Someone needs to invent the next big thing and call it ??????????? instead of Rock. And then we'll have a ????????????HOF. Just don't ask me how to pronounce ?????????? I'll leave that to the accountants, record people and radio stations.


----------



## Electraglide (Jan 24, 2010)

High/Deaf said:


> As long as 'we/they' keep labeling the next big thing as Rock or RnR, rock will never die.
> 
> In the string about the RRHOF, a few mentioned that rap, house, etc. aren't really rock and shouldn't be in the HOF. I don't disagree. So why do we/they classify it under rock. even as a subcategorization of rock (like metal, etc). Is it for the people who have to categorize things: accountants, record people, radios stations (FM radio in Canada is very tightly controlled as far as what genre they play - much tighter than the USA - but I don't allude myself that Canada is the source of the categorization)?
> 
> Someone needs to invent the next big thing and call it ??????????? instead of Rock. And then we'll have a ????????????HOF. Just don't ask me how to pronounce ?????????? I'll leave that to the accountants, record people and radio stations.

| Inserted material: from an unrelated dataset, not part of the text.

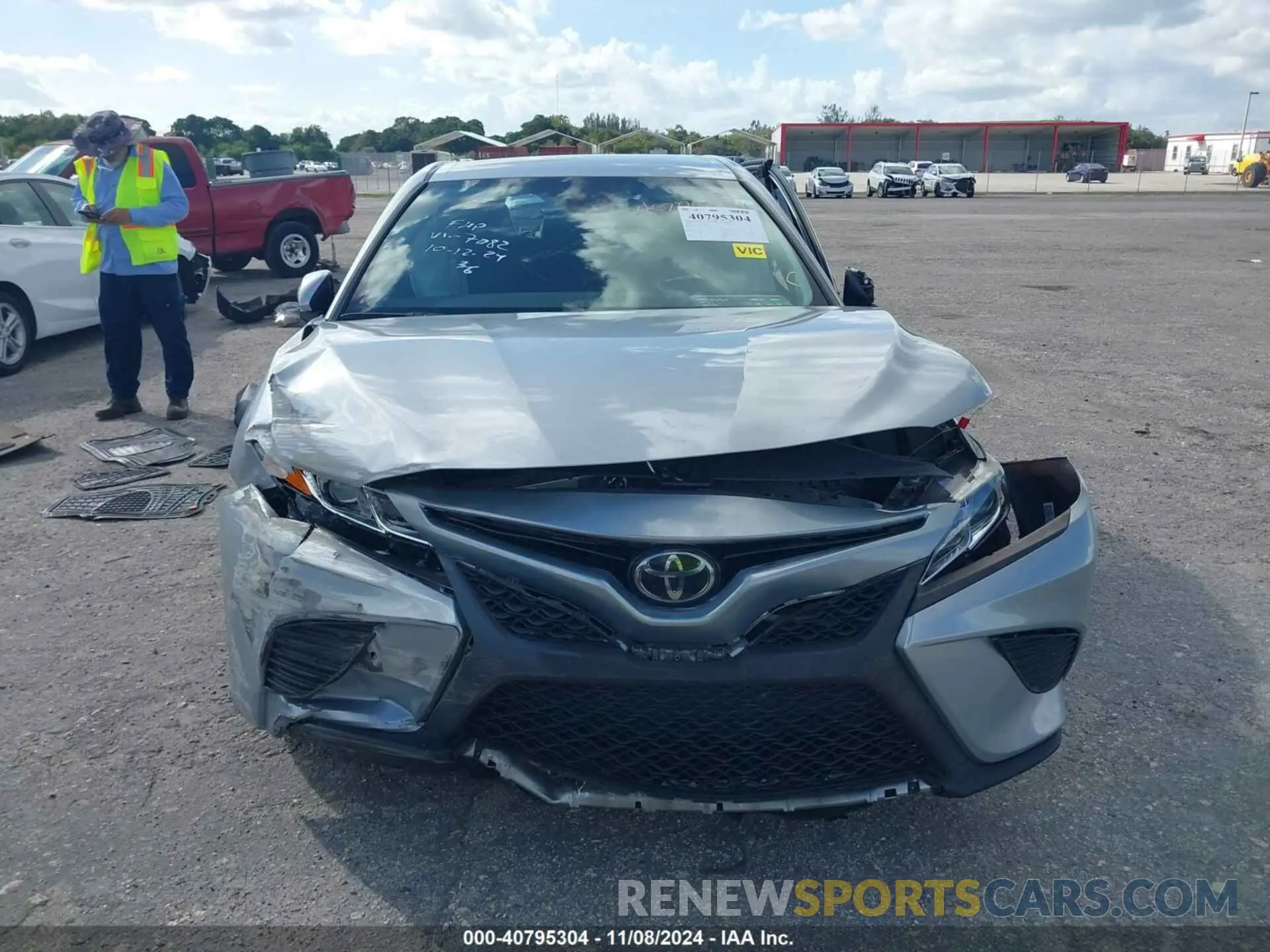 6 Photograph of a damaged car 4T1G11AK2LU307082 TOYOTA CAMRY 2020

Victor Borge could tell you how to pronounce ?????????????.


----------



## jimmythegeek (Apr 17, 2012)

People complaining about NWA in the RRHOF and rap in general strike me as similar to the Disco Sucks movement of the 70s. Some of it is a simple dislike of a genre. Some of it is a black/white cultural issue that makes people uncomfortable. Sometimes I think we need to listen to what we enjoy and not waste time complaining about what we don't.

I'm also inclined to agree with mhammer's take on this question. If we define rock and roll as an expression of youth culture/rebellion/sexual awakening then it has not and will not die. It just sounds a little different than when you were a kid.


----------